Ilustrasi suami istri.
Ilustrasi suami istri.

 Perkembangan teknologi saat ini semakin memudahkan orang dari berbagai tempat untuk saling terhubung. Kemudahan ini juga dirasakan oleh pasangan suami istri yang menjalani long distance marriage (LDM). Bagi mereka yang harus hidup terpisah jarak, bahkan hingga ke luar negeri, komunikasi melalui sambungan video call kerap menjadi cara untuk melepas rindu.

Namun, tidak sedikit pula pasangan yang memanfaatkan kemajuan teknologi tersebut untuk menyalurkan hasrat biologis bersama pasangannya. Lalu, bagaimana pandangan Islam mengenai hal ini? Ustaz Khalid Basalamah memiliki penjelasannya.

Dijelaskan oleh Ustaz Khalid Basalamah tindakan itu jika dilakukan pasangan suami istri tidak menjadi masalah. Namun menurut pandangannya hal itu tidak masuk akal.

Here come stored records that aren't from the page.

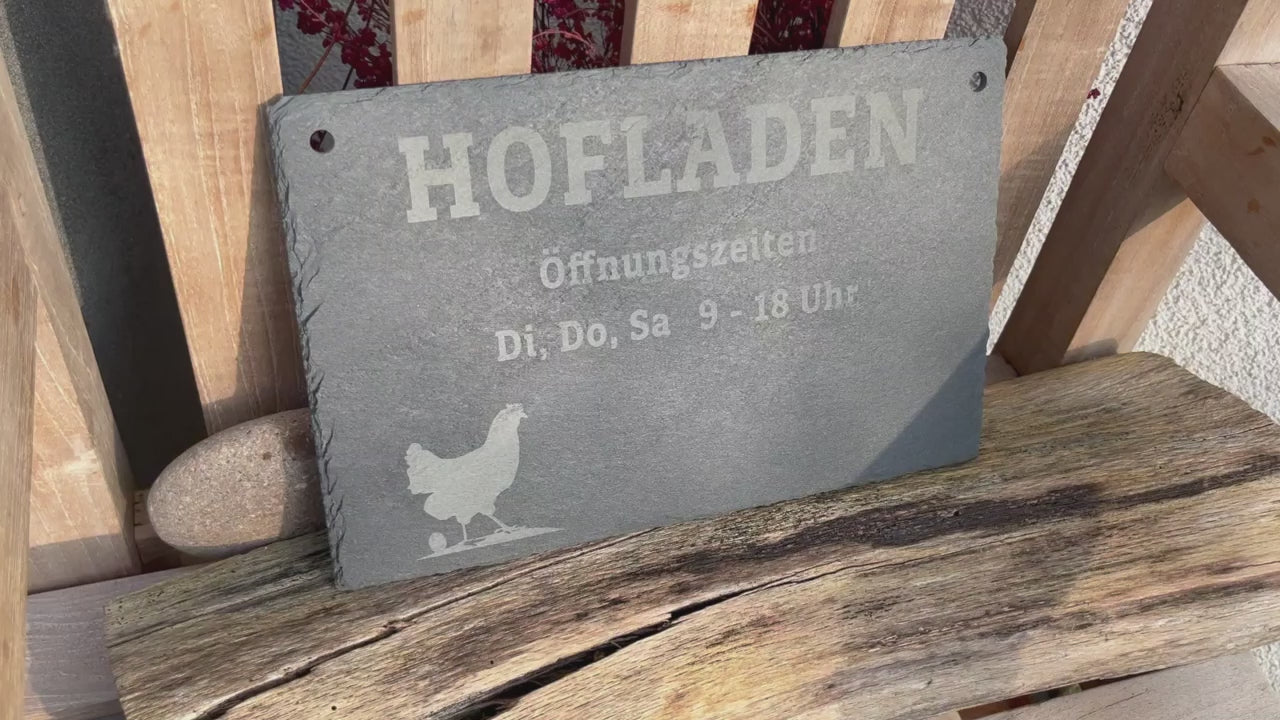 Schieferschild 30 x 20 cm oder 40 x 30 cm mit dem Motiv stilisiertes Hund und Schriftzug z.B. Hofladen oder Eierverkauf mit Öffnungszeiten als Hofladenschild oder Öffnungszeitenschild für den landwirtschaftlichen Verkauf. Dekoratives Schild indviduell anpassbar.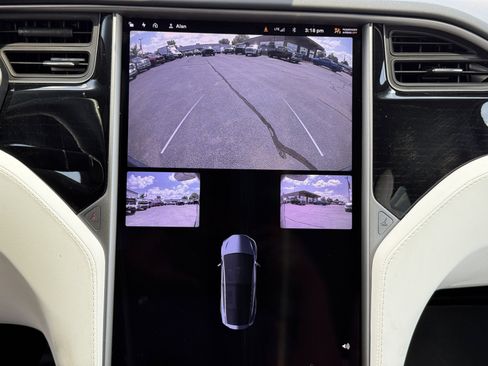Used 2020 Tesla Model X Long Range AWD/4WD image 13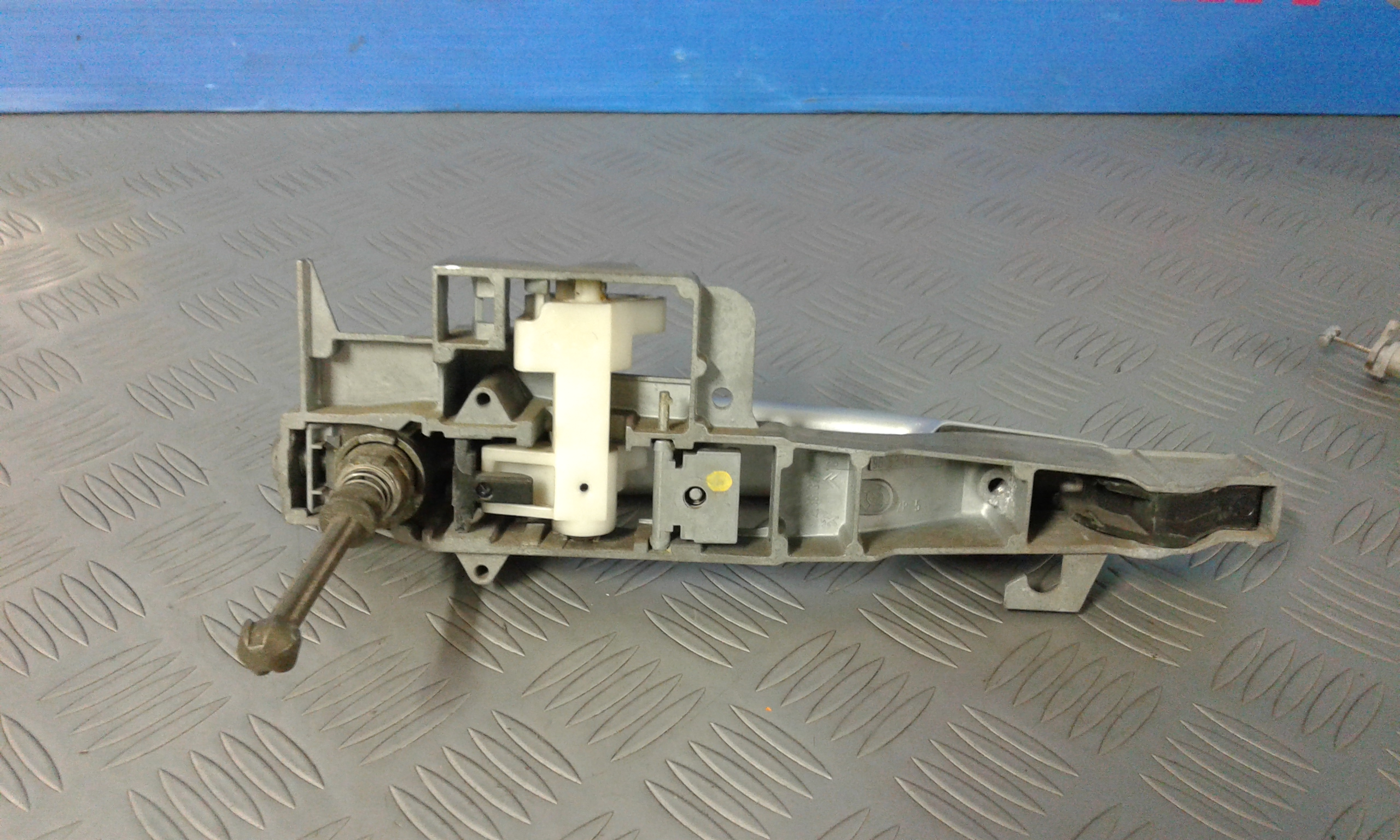 Maniglia esterna Anteriore Sinistra PEUGEOT 407 S. Wagon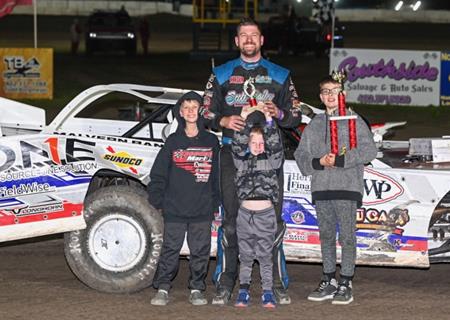 Tad Pospisil kicks off 2026 with Tri-State Series triumph at Off Road Speedway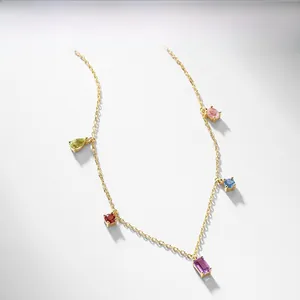 Dettaglio della collana dorata con pietre preziose colorate in varie forme geometriche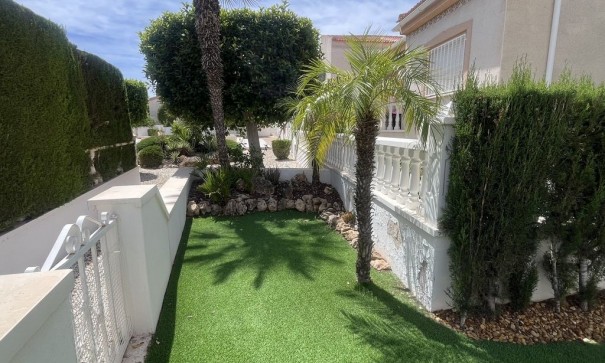 Herverkoop - Vrijstaande Villa -
Algorfa - Montemar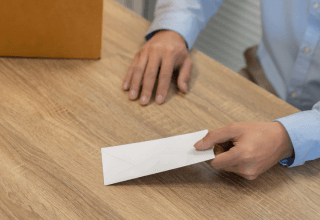 Modèle de lettre de résiliation de mutuelle santé : téléchargez notre guide pratique pour faciliter vos démarches et économiser dès aujourd'hui.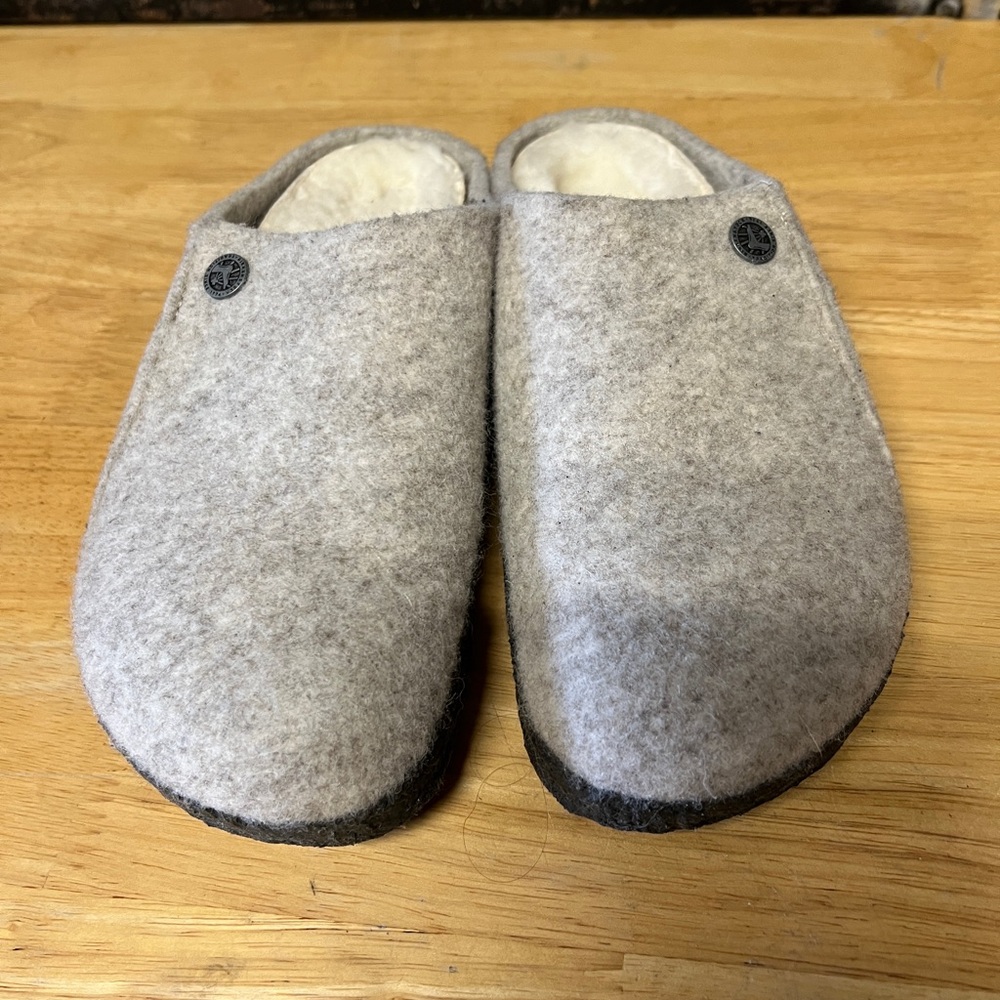 Birkenstock ZERMATT SHEARLING WOOL
FELT CLOGS Eggnog - NEW - no box size 38 (7)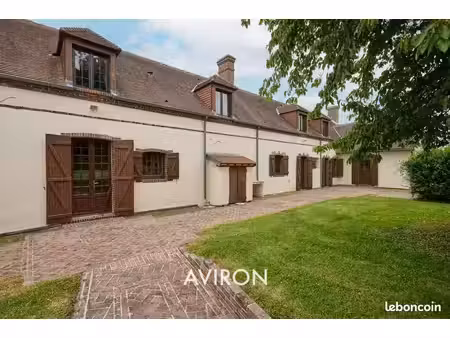 propriété 10 pièces 282 m²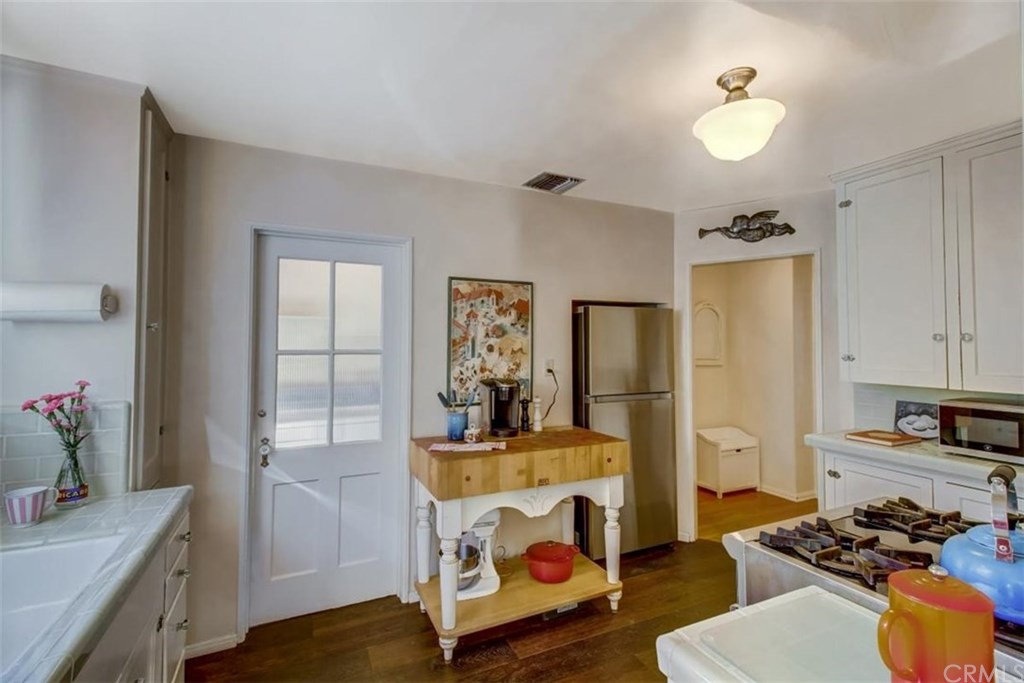 1115 Paladora Avenue Pasadena, CA 91104 - Photo 11 of 28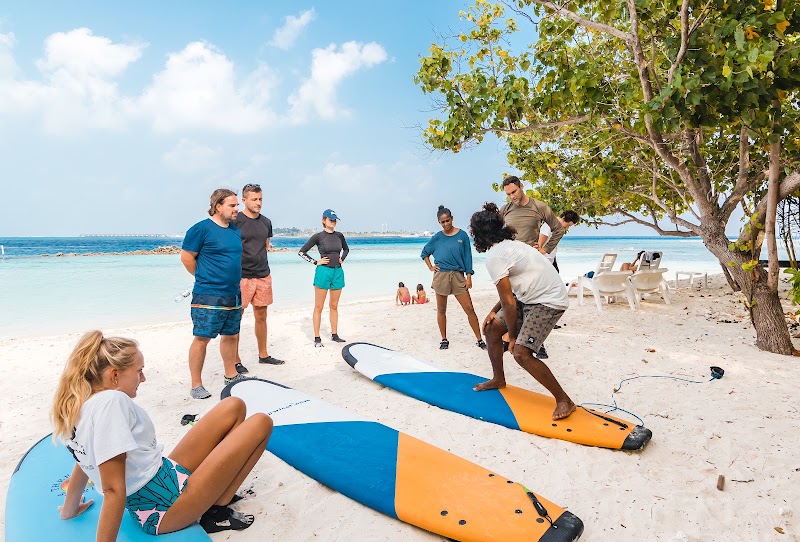 Thulusdhoo surf school - Thulusdhoo surf school Neruveli magu, Thulusdhoo 08040, Maldives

”Kalau tentang suami dan istri tidak ada masalah. Tetapi Wallahualam, ini kan ditanyakan kepada saya, saya melihat ini sepertinya agak kurang pas. Kecuali kalau kata-kata, mungkin itu masih masuk akal ’sayang saya rindu’ segala macam. Tapi kalau biologis melalui video call bagaimana pelampiasannya? Ke handphone kah? Kan sesuatu yang ganjal itu. Wallahualam saya pribadi tidak melihatnya itu positif,” kata Ustaz Khalid Basalamah dikutip dari tayangan YouTube, Sabtu 31 Januari 2026.

Ustaz Khalid juga melihat jika tindakan ini dilakukan oleh pasangan suami istri, ditakutkan bisa berisiko untuk pasangan melakukan tindakan yang tidak diperbolehkan dalam agama. Sebut saja seperti onani yang mana jika dilakukan sendiri berdosa.

”Lalu bagaimana caranya supaya hasrat Anda tidak muncul? Ya Anda jangan bicarakan hal-hal yang menuju ke sana. Walaupun secara umum ini hukum syariahnya ini boleh ini kan soal suami-istri mereka bebas melakukan. Cuman nanti kalau Anda memuaskan hasrat ini sampai melakukan hal-hal yang dilarang dalam agama maka ini akan jadi masalah baru. Seperti misalnya laki-laki dia onani kan dalam islam tidak boleh kecuali istri yang melakukan. Kalau video call kan itu dia lakukan sendiri dan itu kan dilarang dalam islam. Begitu juga dengan wanita yang melakukan, itu kan otomatis hasrat biologis. Ini khawatirnya sampai sana,” jelas Ustaz Khalid.

Ustaz Khalid menyarankan sebaiknya pasangan melakukan video call dalam kondisi yang wajar. Seperti membicarakan tentang perasaan rindu atau sekedar mengirimkan foto keseharian.

”Jadi lebih baik pembicaraannya sayang rindu kirimkan foto kemudian cuplikan tidak ada masalah. Tapi kalau sampai seks phone ini sesuatu yang ganjil kalau saya liat. Akhirnya Anda melampiaskan ke handphone. Mungkin sesudah putus telefon Anda masih berhasrat akhirnya Anda lampiaskanlah di alat-alat atau di ranjang. Jadi terjadi hal yang aneh saya liat, akhirnya Anda terjerumus pada hal-hal yang salah dan ini bahaya kalau terus dipicu,” jelas Ustaz Khalid Basalamah.

Ustaz Basalamah mengungkap jika orang yang masih bertaqwa kepada Allah mungkin masih bisa menjaga dirinya dengan tidak melampiaskannya ke hal-hal negafif. Hal ini berbeda dengan mereka yang tidak bisa menjaga dirinya.

”Tapi kalau orang tidak terjaga Anda masih interaksi dengan lawan jenis di kantor atau tetangga atau ipar. Anda dalam keadaan hasrat belum terpenuhi yang sudah bangkit syahwat via telfon tadi bisa pintu syaitan terbuka terjerumus. Bukan cuman Anda, suami Anda juga demikian di luar negeri sana.

Akhirnya melakukan hal-hal yang haram. Maka Wallahualam saya menyarankan tidak melakukan ini. Kalau kirimkan ucapan, cuplikan, kirimkan sayang segala macam tidak masalah. InsyaAllah pada saat ketemu Anda lampiaskan,” katanya.